I do everyone's laundry. DH going anywhere near the washer always seems to be the kiss of death for it. He works full time and I'm a SAHP, and that is the one job that I do exclusively, so I think I've got a decent deal, there.

He irons all his own stuff, mind. Sometimes he'll do a little of mine or the kids', but most of my clothes are a pig to iron, so he'll leave them alone!

ocelot41 · 21/09/2016 20:15

I see I am in a minority on this thread. After 5 years of reasoning,pleading and reminding my DH to pull his weight around the house I finally hit breaking point. It was the washing that tipped me over because DH plays 3 different kinds of sports so there is always muddy, sweaty kit as well as work clothes, home clothes etc. He hasn't done any washing at all in 5 years so I bought him his own hamper and told him I was on washing strike and that he could either do some cleaning or pay for a cleaner. He decided to pay for a cleaner once weekly (I still do daily tidies etc) and hs miraculously remembered how to wash his own clothes. Peace has been restored to the ocelot household!

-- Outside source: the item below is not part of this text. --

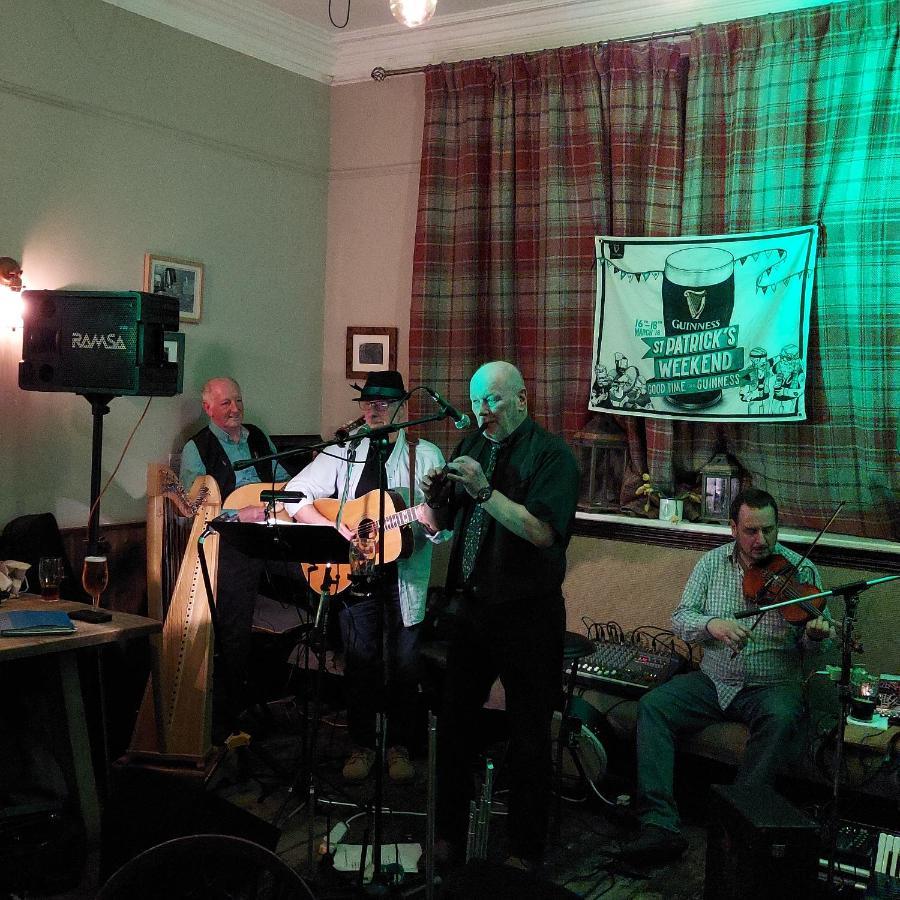 Winewall Trawden Arms Community Owned Pub酒店 外观 照片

sugarmonster64 · 21/09/2016 20:19

Whoever notices the washing basket is full does the washing in our house. Joint laundry baskets because that always just seemed the easiest way. although as soon as DC old enough they'll be doing their own!

Mitfordhons · 21/09/2016 20:21

I do dh's washing dd1 does her own (17), dd2 and DS (14 & 15) do their uniform and share this chore between them, I do the rest of their washing. I work full time.

Dh also works full time, he cooks every single meal we eat (unless he's away), that's five people seven days a week.

Give me the washing every day.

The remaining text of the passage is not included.